Cada cliente traz seus próprios desafios específicos de preservação até nós. Entre esses desafios os mais comuns são a dinâmica da cadeia de suprimentos, preferências geográficas e do consumidor ou mesmo metas de custo e prazo de validade. Nós estudamos esses desafios e oferecemos tecnologia para proteger e aperfeiçoar os produtos, por meio de três grandes grupos de tecnologias: preservação tradicional, rótulo limpo e sistemas multifuncionais.
Qual o papel da Kerry na construção de um mundo mais sustentável e saudável?
JA: Para a Kerry, a nutrição tem que ser adequada, segura e saudável. Deve ser acessível e economicamente justa, com baixo impacto ambiental, e culturalmente aceitável. Dentro dessa visão, focamos não apenas em produtos, mas em nossas ações. Nossa estratégia de sustentabilidade aborda justamente as pessoas, a sociedade e o planeta e temos compromissos muito fortes para isso.
O que a empresa tem feito para alcançar essa realidade?
JA: Tínhamos como objetivo utilizar 100% de eletricidade renovável até 2025, meta essa que todas as fábricas da América latina, inclusive Brasil já atingiram.
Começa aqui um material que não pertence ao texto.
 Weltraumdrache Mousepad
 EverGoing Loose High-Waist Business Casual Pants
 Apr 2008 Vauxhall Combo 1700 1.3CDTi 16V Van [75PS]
Também vamos reduzir nossa emissão de carbono em 55% até 2030 e alcançar a neutralização antes de 2050.
Estamos trabalhando com nossos fornecedores para reduzir a intensidade de suas emissões em 30%, impactando toda a nossa cadeia de suprimentos. Vamos alcançar uma redução de 15% na intensidade da água até 2025 e reduzir nosso desperdício de alimentos em 50% até 2030. Até 2025, teremos zero resíduos enviados para aterro.
Na utilização de plásticos, também temos objetivos ambiciosos. Até 2025, vamos ter 100% do nosso plástico reutilizável, reciclável ou compostável, atingindo uma redução de 25% no uso de plástico virgem até o mesmo período. Além disso, 100% das matérias primas prioritárias serão de origem responsável até 2030.